The passion I always had for my community and my people, mi gente, along with my new found understanding of oppression and patriarchy, ignited a spark that still forges my efforts to fight for equity within organizations, the workforce, and academia. My experience as a McNair Scholar, where I saw many of my racial minority peers in engineering face unique challenges, solidified how I would enact a plan to help advance the Latinx community – by focusing on STEM, specifically Engineering.

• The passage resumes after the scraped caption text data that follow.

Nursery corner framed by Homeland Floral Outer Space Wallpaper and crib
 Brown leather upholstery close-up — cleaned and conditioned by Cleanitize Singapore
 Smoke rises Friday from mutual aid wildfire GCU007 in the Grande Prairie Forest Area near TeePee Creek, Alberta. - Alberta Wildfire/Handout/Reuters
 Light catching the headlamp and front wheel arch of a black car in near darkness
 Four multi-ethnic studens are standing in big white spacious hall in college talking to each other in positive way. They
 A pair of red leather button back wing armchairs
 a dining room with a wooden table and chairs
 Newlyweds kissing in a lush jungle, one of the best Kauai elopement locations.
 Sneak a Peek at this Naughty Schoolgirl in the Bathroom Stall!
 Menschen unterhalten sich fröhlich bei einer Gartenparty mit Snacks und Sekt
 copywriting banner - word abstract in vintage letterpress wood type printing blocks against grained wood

It may initially seem odd to think of promoting social justice through engineering. However, when you break down the meaning of social justice – equity within our society through just distribution of opportunity, privilege, and wealth – and then you look at the engineering community, both in the academy and in the corporate setting (industry), latent themes of suppression and oppression surface. My advocacy and research are driven by trying to answer why the Latinx community is so underrepresented in engineering education, engineering professions, and in the workforce. Largely a male-dominated field, engineering has astonishing diversity disparities related to race and gender. The culture of masculinity is embodied through language, tasks, positions, and social interactions, all reinforced through a larger higher education system.
My scholarship promotes social justice for Latinx, our families and our community in various ways, both directly and indirectly. My lived experiences allow for the relatability necessary to identify and push back on inequitable situations.
My academic experiences shape the manner in which I critically analyze the advancement of the Latinx community, while at the same time providing an outlet to have their voices – our voices – heard.
Through conducting research in academia, engineering professions, and organizations, I work to not only advance the scholarship on our community but also to ensure that scholarship is placed into action to create positive change for our people. Deconstructing the barriers to education can open pathways for the emerging Latinx generation to advance.
My education has not only afforded me a degree, it has afforded me a voice, once silenced, that echoes well beyond my reach to support and advocate for Latinx.